In the aftermath, the Japanese “grabbed about a hundred men from a village we passed by and tried to make them tell where the guerrillas had taken me,” he told the Houston Chronicle. “They didn’t know, but the [Japanese] tortured them and killed more than 20. That is something I have just had to learn to live with.”

Mr. Vraciu was reported missing in action. Five weeks later, he joined a unit of U.S. forces, emerging from his absence with a Japanese saber, a Japanese pistol and a one-inch beard.

Alexander Vraciu, the son of Romanian immigrants, was born Nov. 2, 1918, in East Chicago, Ind. His father was a police officer, and his mother was a homemaker.

Mr. Vraciu graduated from DePauw University in Indiana in 1941 before leaving for the Pacific. He was a wingman to Edward “Butch” O’Hare, the Navy flying ace and Medal of Honor recipient who died during the war.

After World War II, Mr. Vraciu was a Navy test pilot, among other assignments, and commanded a unit of fighter pilots. He retired from the Navy in 1964 with the rank of commander and later was a trust officer with Wells Fargo bank, his son said.

Besides the Navy Cross, his military decorations included several awards of the Distinguished Flying Cross and the Air Medal.
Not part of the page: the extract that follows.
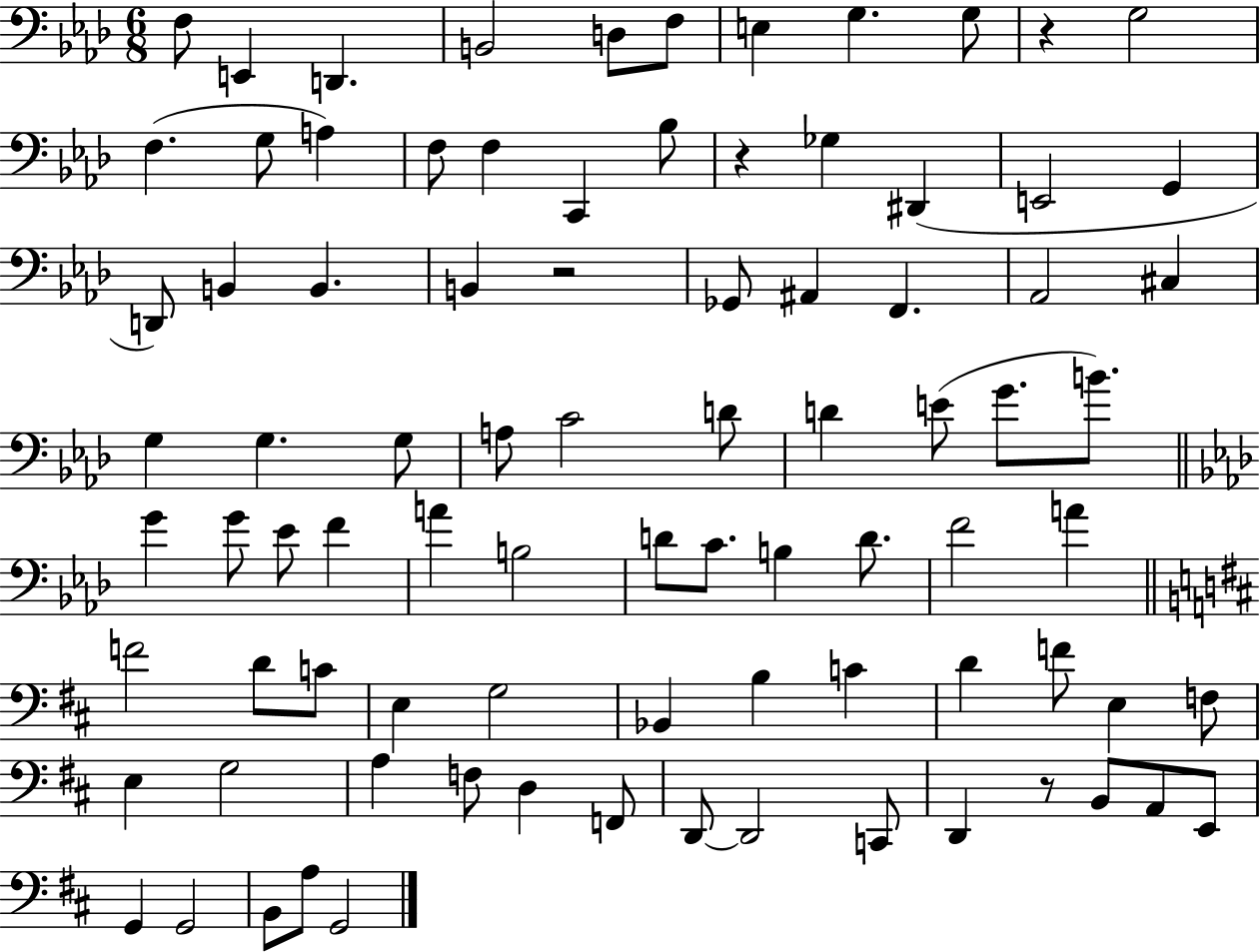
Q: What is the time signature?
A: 6/8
His wife of 58 years, the former Kathryn Horn, died in 2003. Survivors include five children, Carol Teague of Davis, Calif., Robert Vraciu of Brentwood, Tenn., Linda Patton of Quincy, Calif., Marilyn Finley of Sonora, Calif., and Marc Vraciu of Santa Barbara, Calif.; 11 grandchildren; and 13 great-grandchildren.

Before Mr. Vraciu left for the war, an uncle — unaware of his nephew’s skill — promised him $100 for every enemy plane he took down.

“I didn’t know then that the big guy would turn out to be a record breaker,” the uncle told a reporter in the summer of 1944, when Mr. Vraciu returned to the United States on furlough. “I’m glad he came home now because if he stayed there any longer I’d have to buy the [Japanese] air force.”